Extracted data entries:
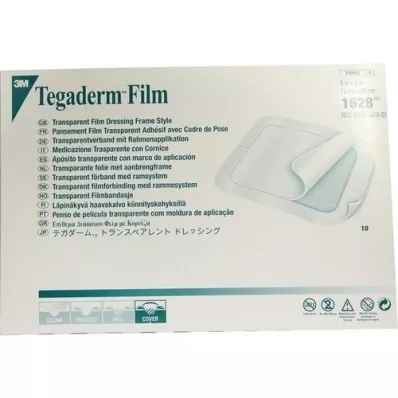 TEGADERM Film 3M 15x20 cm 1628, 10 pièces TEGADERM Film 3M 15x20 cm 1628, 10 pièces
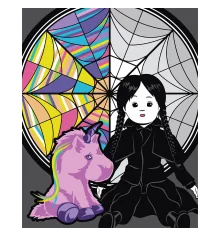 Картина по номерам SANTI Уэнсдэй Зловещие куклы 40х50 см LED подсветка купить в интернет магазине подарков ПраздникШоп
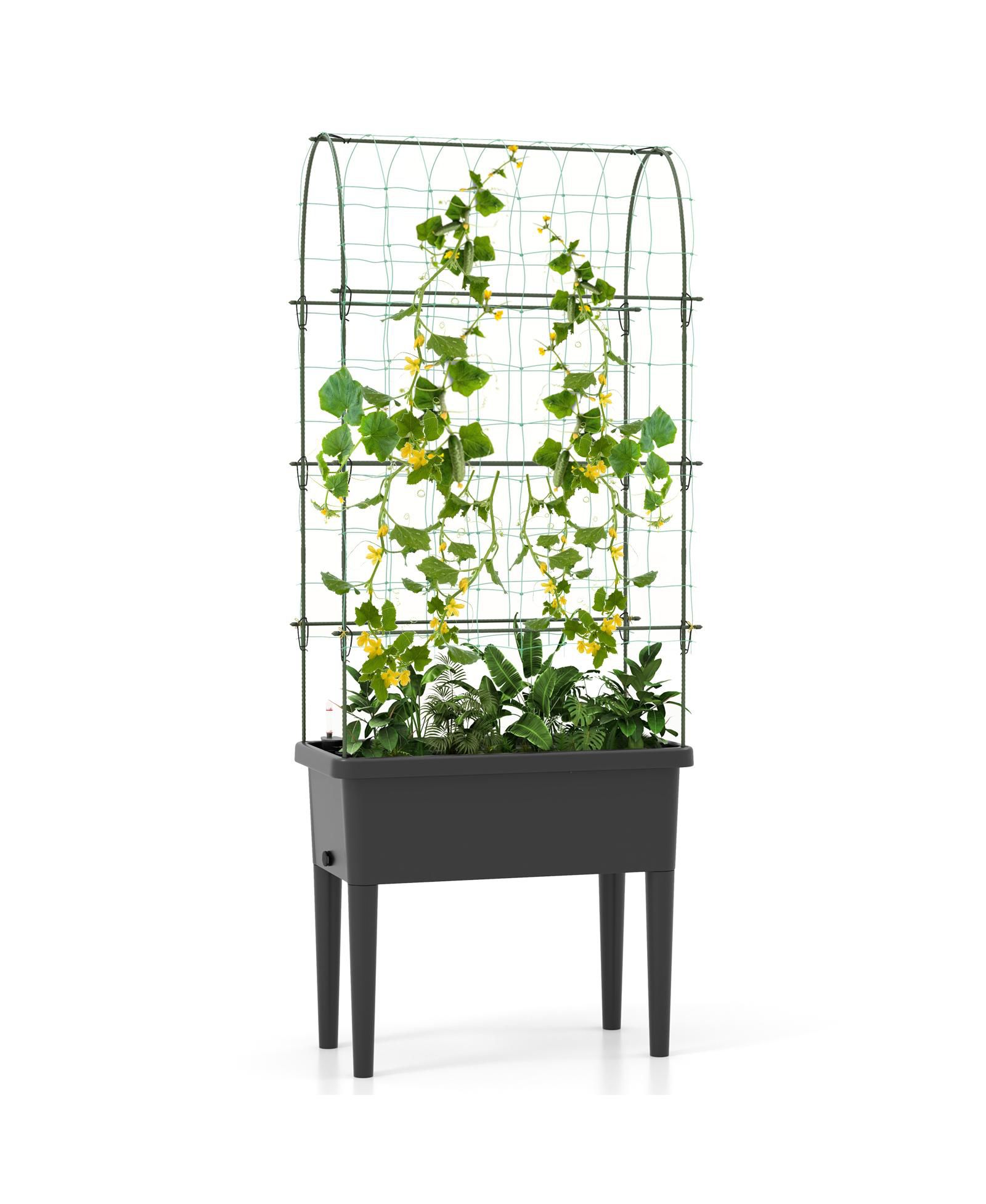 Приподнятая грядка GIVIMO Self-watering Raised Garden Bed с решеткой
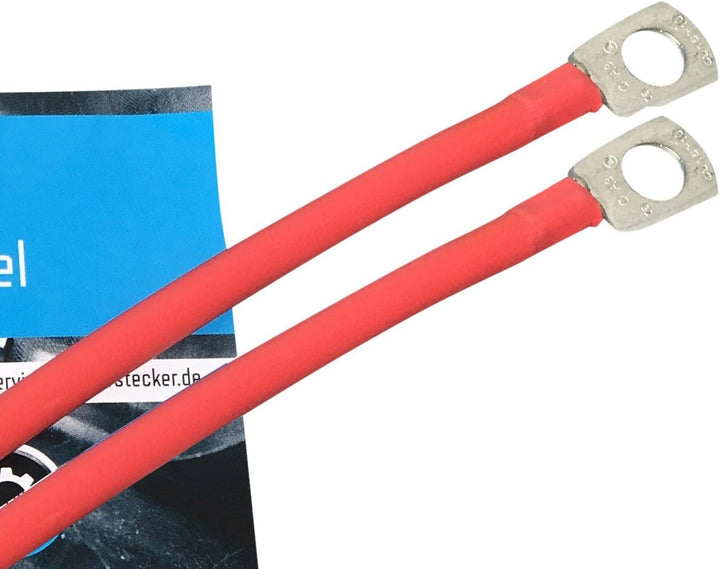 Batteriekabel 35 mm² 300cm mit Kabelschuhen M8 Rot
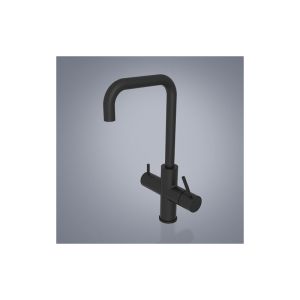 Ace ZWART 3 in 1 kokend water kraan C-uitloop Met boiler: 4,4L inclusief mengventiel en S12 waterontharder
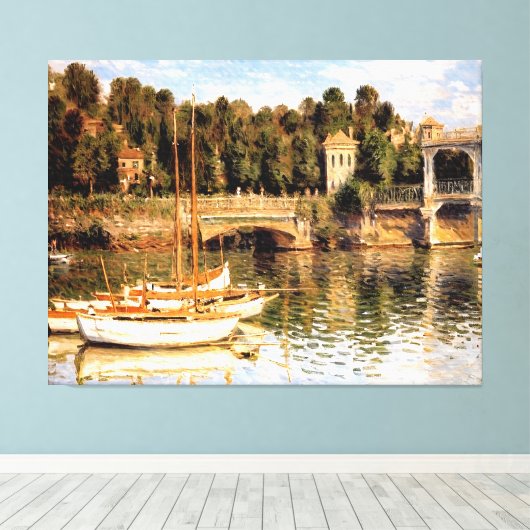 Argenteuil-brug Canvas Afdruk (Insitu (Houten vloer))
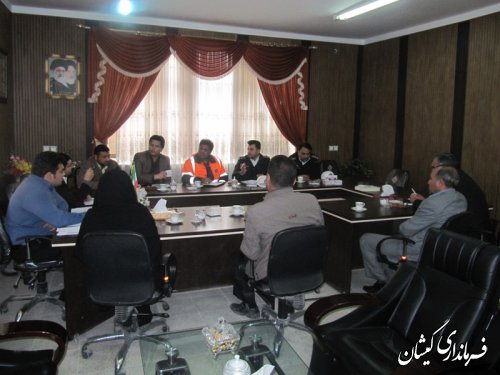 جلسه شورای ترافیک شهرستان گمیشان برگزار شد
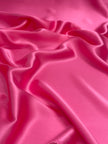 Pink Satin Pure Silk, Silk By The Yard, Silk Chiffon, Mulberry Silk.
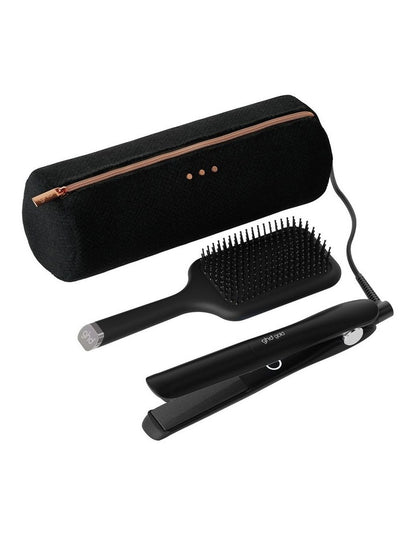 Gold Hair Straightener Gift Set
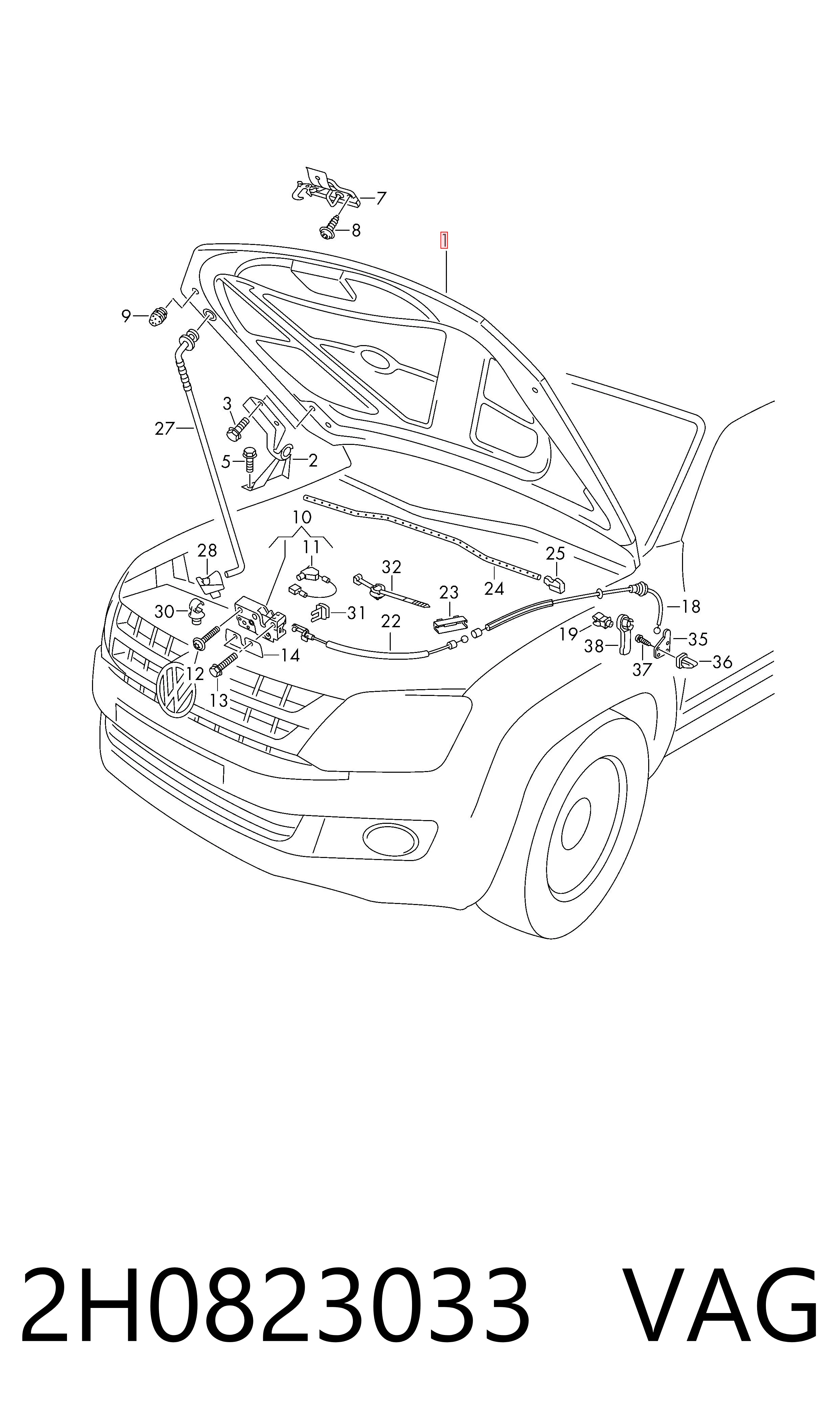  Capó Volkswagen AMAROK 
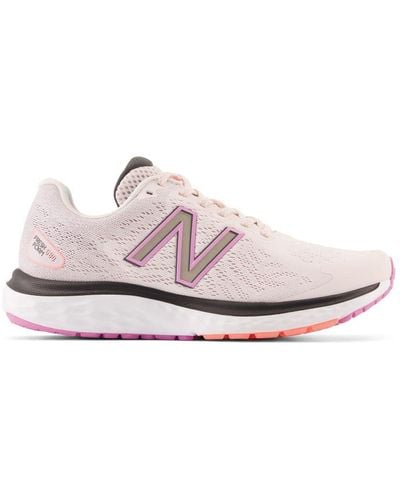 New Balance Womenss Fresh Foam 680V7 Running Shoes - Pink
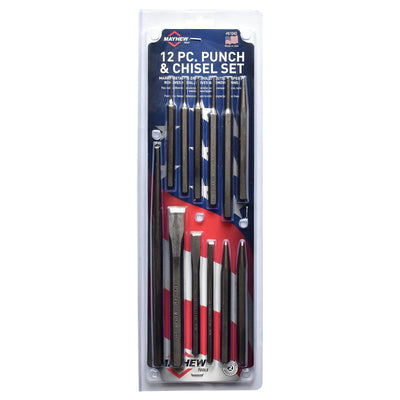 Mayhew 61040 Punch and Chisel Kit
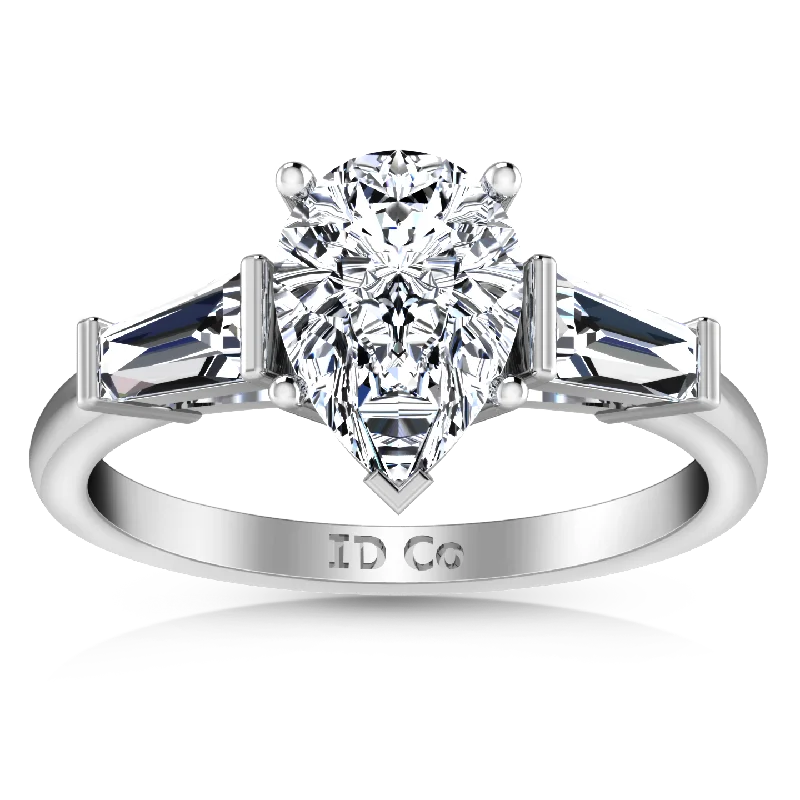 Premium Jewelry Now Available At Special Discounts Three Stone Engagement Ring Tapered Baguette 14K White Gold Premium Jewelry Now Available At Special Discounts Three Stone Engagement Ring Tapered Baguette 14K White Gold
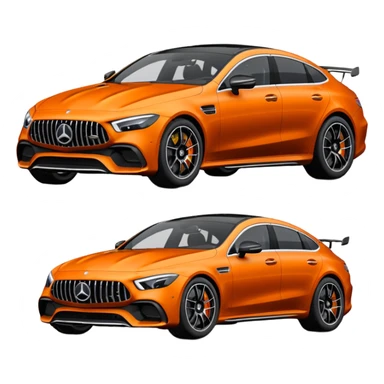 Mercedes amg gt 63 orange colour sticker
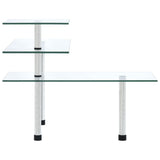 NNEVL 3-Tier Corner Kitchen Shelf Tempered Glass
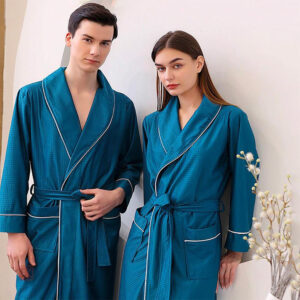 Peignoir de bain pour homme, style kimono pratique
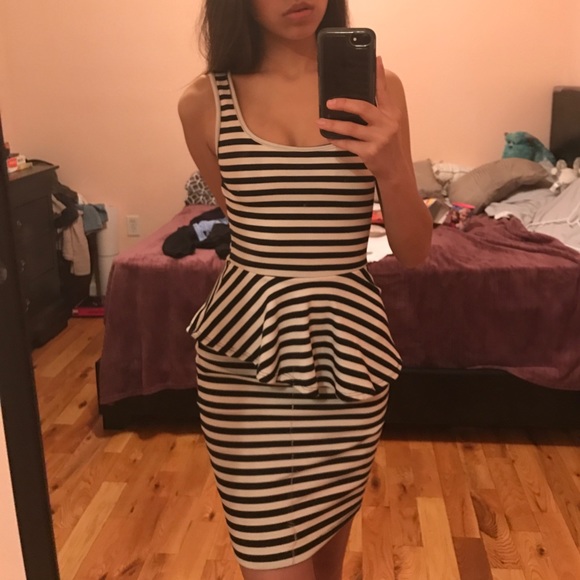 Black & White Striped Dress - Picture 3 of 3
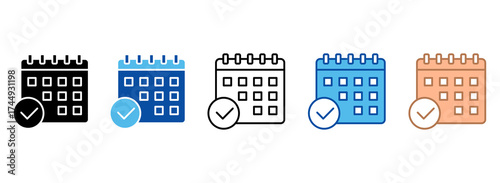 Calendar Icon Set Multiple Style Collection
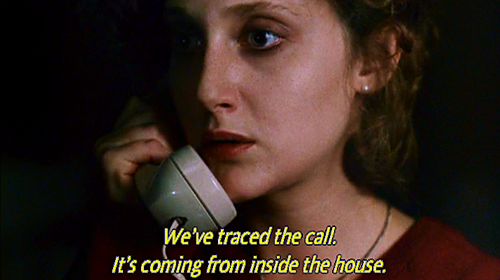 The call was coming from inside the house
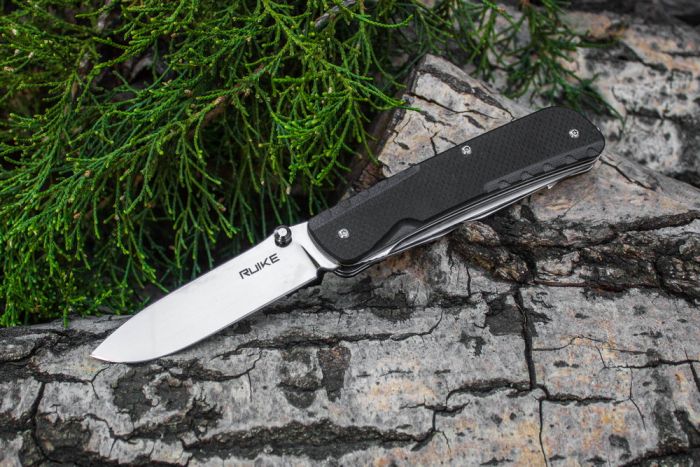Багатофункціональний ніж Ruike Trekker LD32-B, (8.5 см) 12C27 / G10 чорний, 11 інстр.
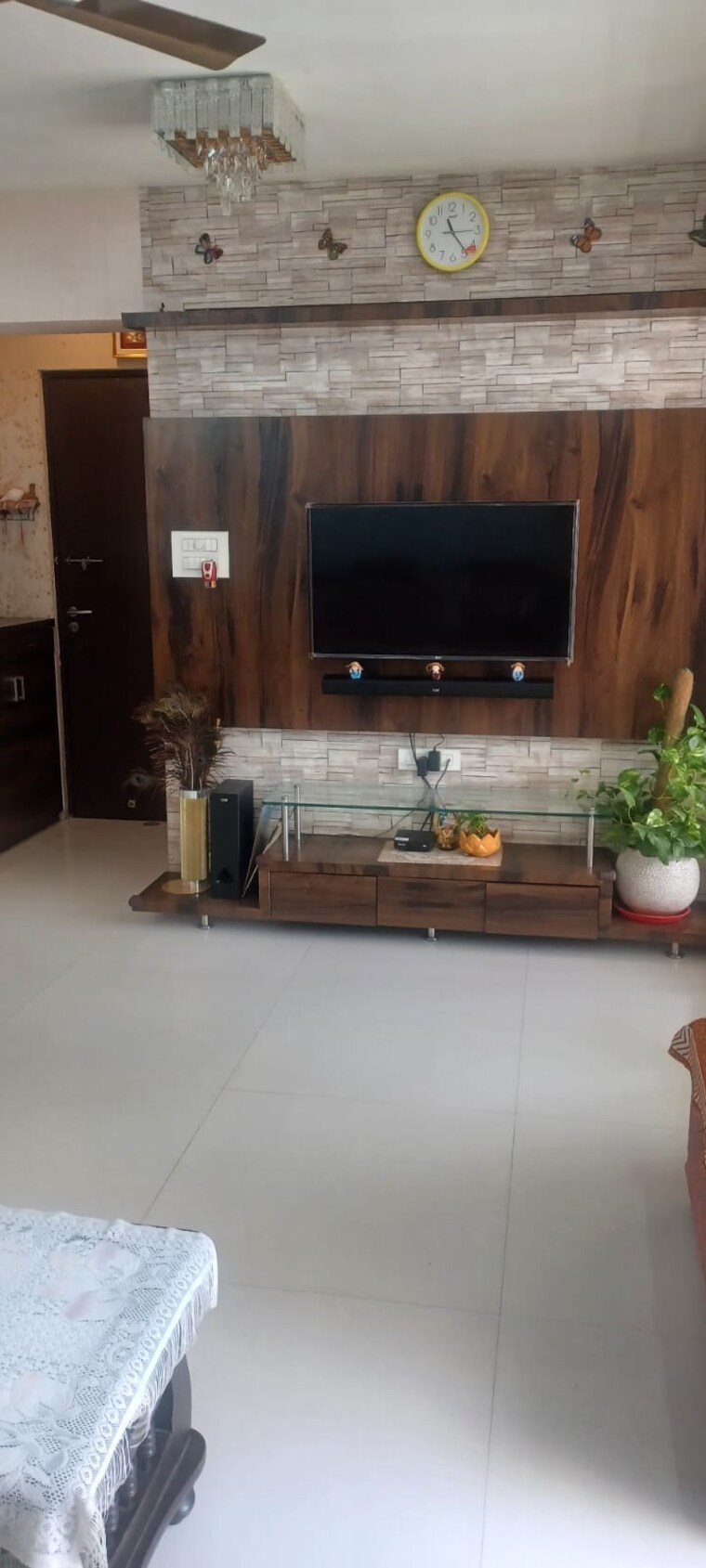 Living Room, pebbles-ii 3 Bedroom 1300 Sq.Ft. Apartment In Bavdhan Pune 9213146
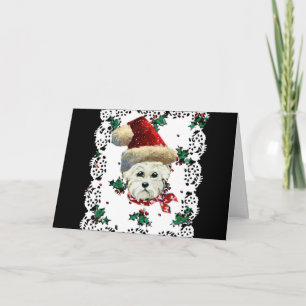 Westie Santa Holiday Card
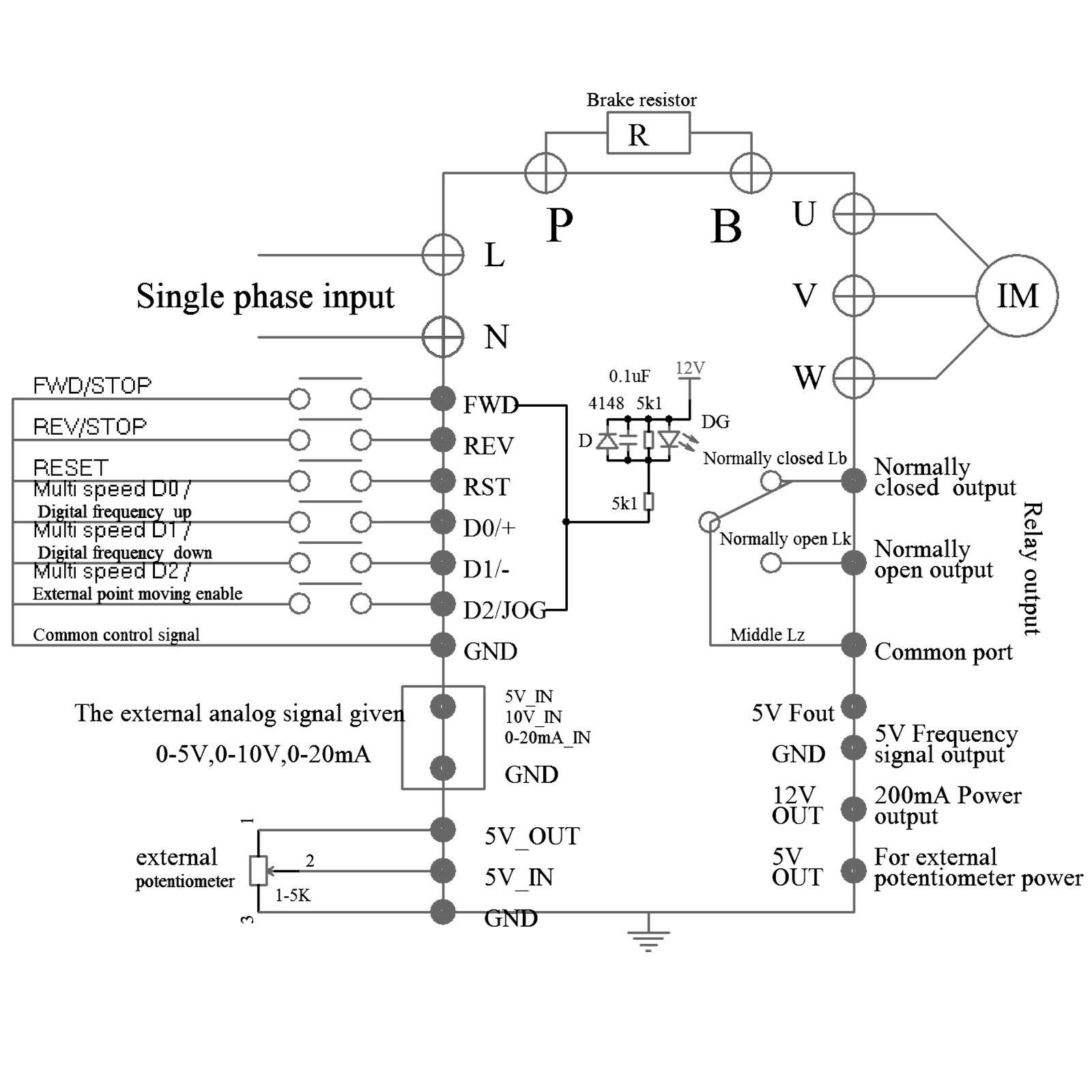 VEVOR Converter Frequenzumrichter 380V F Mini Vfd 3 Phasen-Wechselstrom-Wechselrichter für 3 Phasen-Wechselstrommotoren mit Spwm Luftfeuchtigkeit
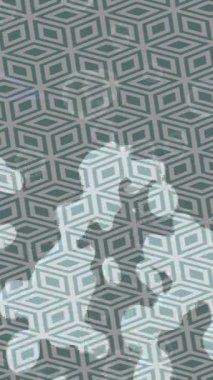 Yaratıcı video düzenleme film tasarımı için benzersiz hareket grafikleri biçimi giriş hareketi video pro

__Task brief__. Now transcribe the lines above exactly, starting at the line containing "Living Room, pebbles-ii" and ending at the line containing "VEVOR Converter Frequenzumrichter", both lines included, pictures excluded.

__Answer to the exercise__.
 Living Room, pebbles-ii 3 Bedroom 1300 Sq.Ft. Apartment In Bavdhan Pune 9213146
 Westie Santa Holiday Card
 VEVOR Converter Frequenzumrichter 380V F Mini Vfd 3 Phasen-Wechselstrom-Wechselrichter für 3 Phasen-Wechselstrommotoren mit Spwm Luftfeuchtigkeit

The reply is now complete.